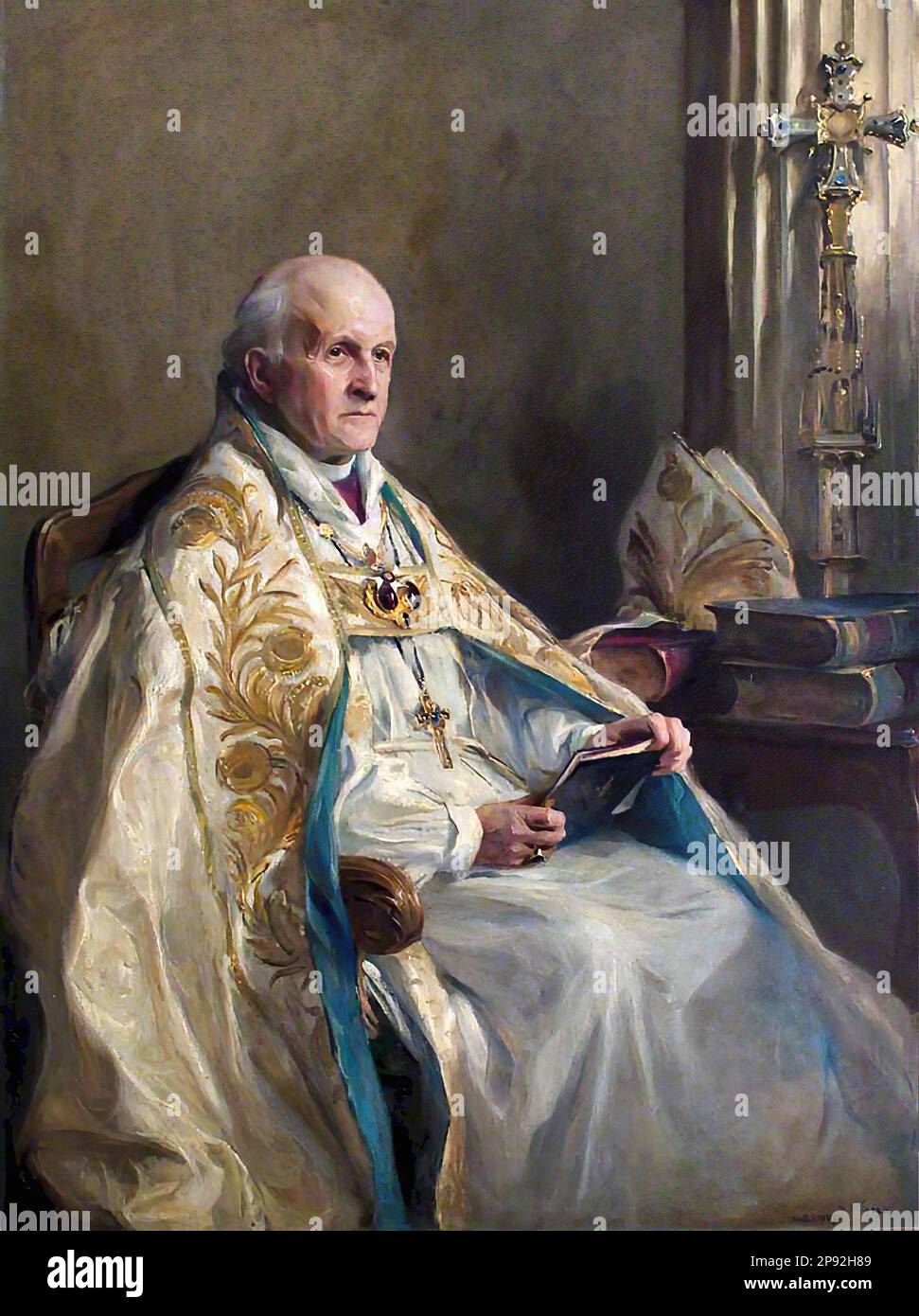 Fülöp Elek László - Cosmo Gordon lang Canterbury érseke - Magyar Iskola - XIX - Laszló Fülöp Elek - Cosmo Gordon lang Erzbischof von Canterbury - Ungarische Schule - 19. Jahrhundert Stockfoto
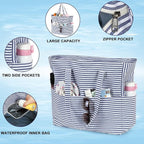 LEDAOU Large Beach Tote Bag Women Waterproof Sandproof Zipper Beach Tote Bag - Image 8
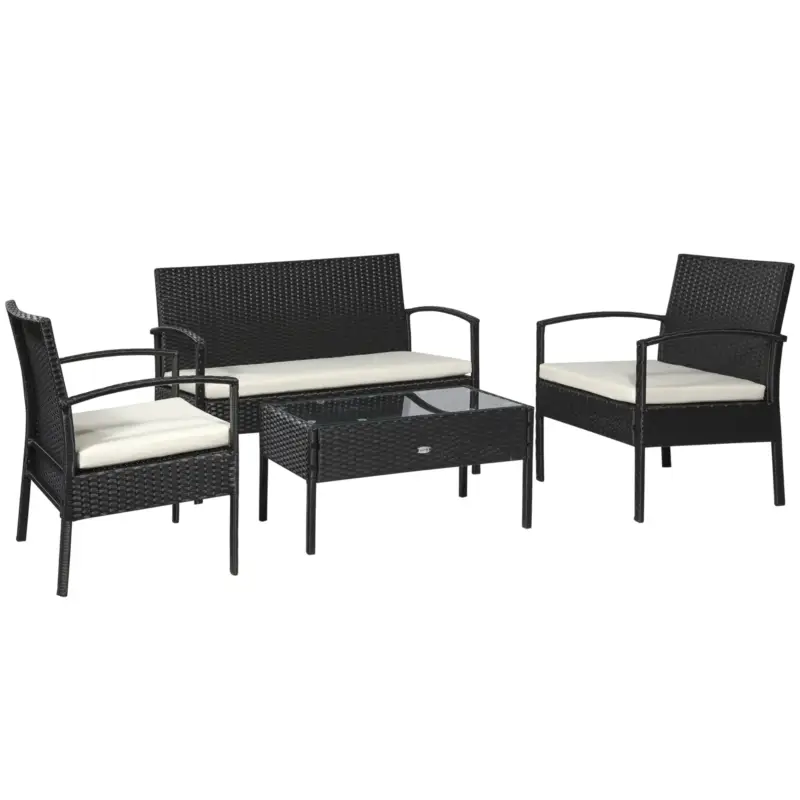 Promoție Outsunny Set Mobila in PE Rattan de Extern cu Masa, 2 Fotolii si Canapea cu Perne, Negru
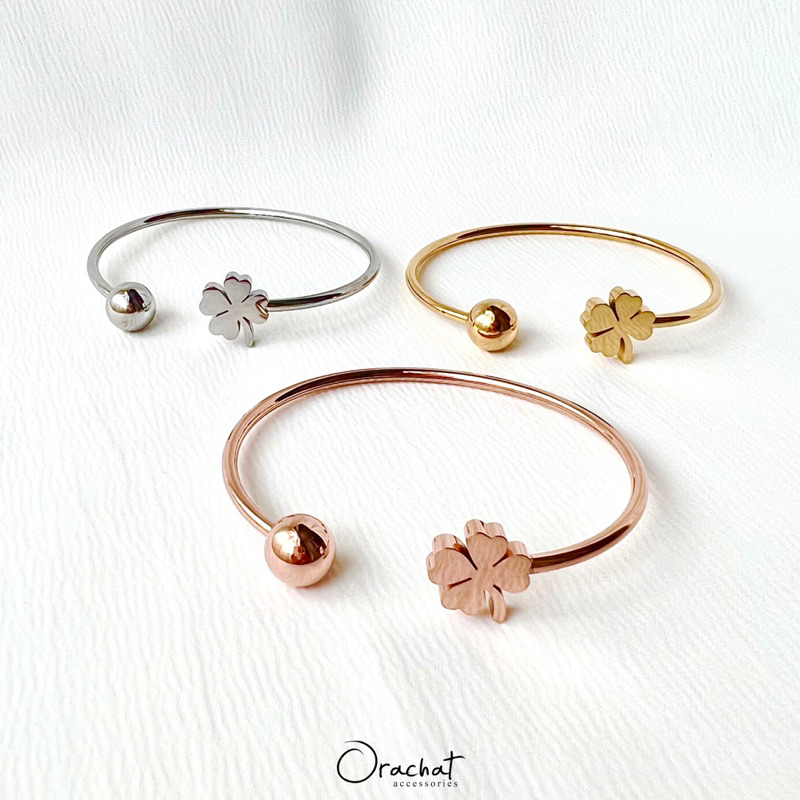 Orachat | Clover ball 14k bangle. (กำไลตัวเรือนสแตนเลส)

## The problem
Please write out exactly the lines from the one holding "LEDAOU Large Beach" through the last line of the material above, both included, as a copy without pictures.

## Exercise output
 LEDAOU Large Beach Tote Bag Women Waterproof Sandproof Zipper Beach Tote Bag - Image 8
 Promoție Outsunny Set Mobila in PE Rattan de Extern cu Masa, 2 Fotolii si Canapea cu Perne, Negru
 Orachat | Clover ball 14k bangle. (กำไลตัวเรือนสแตนเลส)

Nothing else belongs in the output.